Gina Miller — the woman who has become the figurehead for the fight against Brexit — may have faced death threats, but that isn’t putting her off wanting to get involved in negotiations with the European Union.
Timeline for Brexit
- April 18, 2018
“I’d like to get involved with the Brexit negotiations” — Gina Miller
Miller hopes to speak with Theresa May to “help in any way that I can”, suggesting she could heal the Brexit division that is ripping the country in apart.
With Brexit negotiations still at the early stage, Miller believes she would bring a lot to the table.
She wants to “reclaim experts” and create a cross-party negotiation team consisting of lawyers, business people and academics, as well as politicians.
Miller tells Verdict:
We have got to do this together… I’d love to build up a strong group and then we can go to try and get the best deal for Britain.
Miller also feels that she can help simplify things to give people a better understanding of all the complexities and processes involved in Brexit.

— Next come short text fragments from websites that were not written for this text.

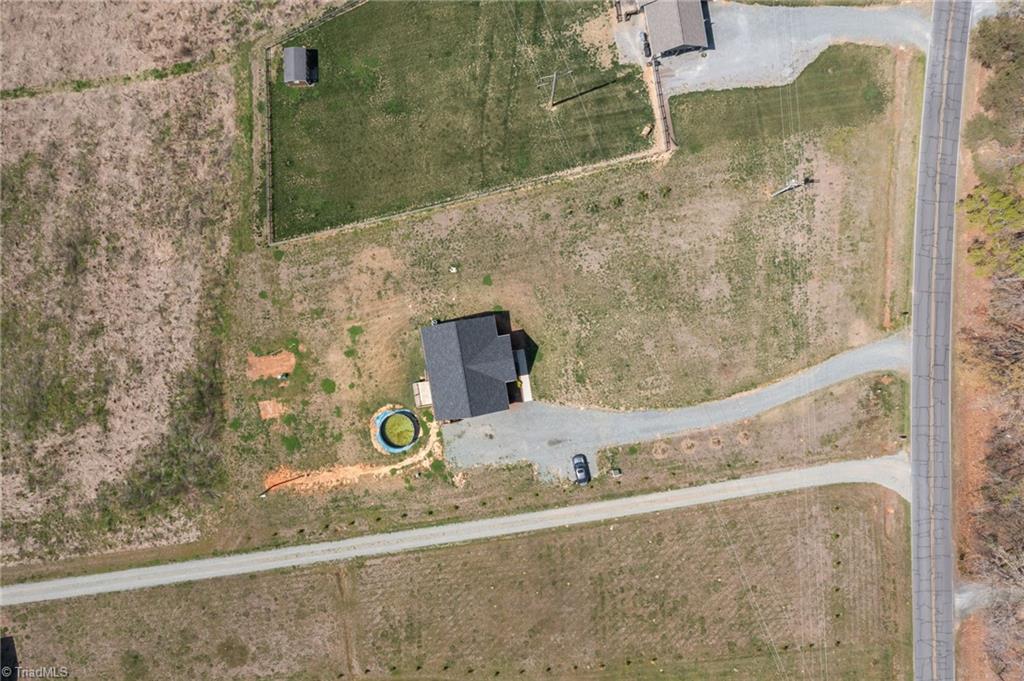 6450 Whites Chapel Road Liberty, NC 27298 - Photo 13 of 39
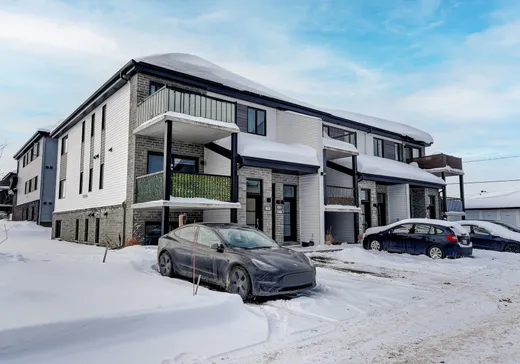 Condo for sale - 813 Rue Magnone, Granby, J2H3J4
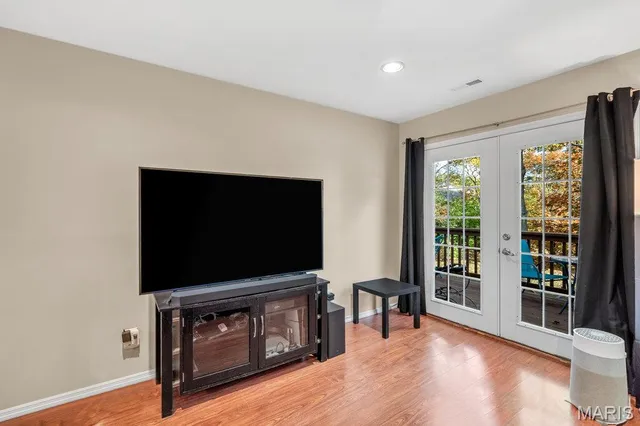 $145,000 | 944 Sugar Lake Court, Unit 7, St. Peters, MO 63376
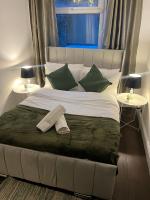 Comfortable Fulham AP Sleeps 8 and Table Tennis - B&B London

“People are baffled by the language and terminology used [around Brexit], and I would like to be able to translate this for the ordinary people on the streets. I would like to get involved with the negotiations,” she explains.
Miller sees her political party independence as a strength that could help May and her team.
I am totally independent and I really don’t care what anything thinks of me. I am not afraid to speak uncomfortable truths.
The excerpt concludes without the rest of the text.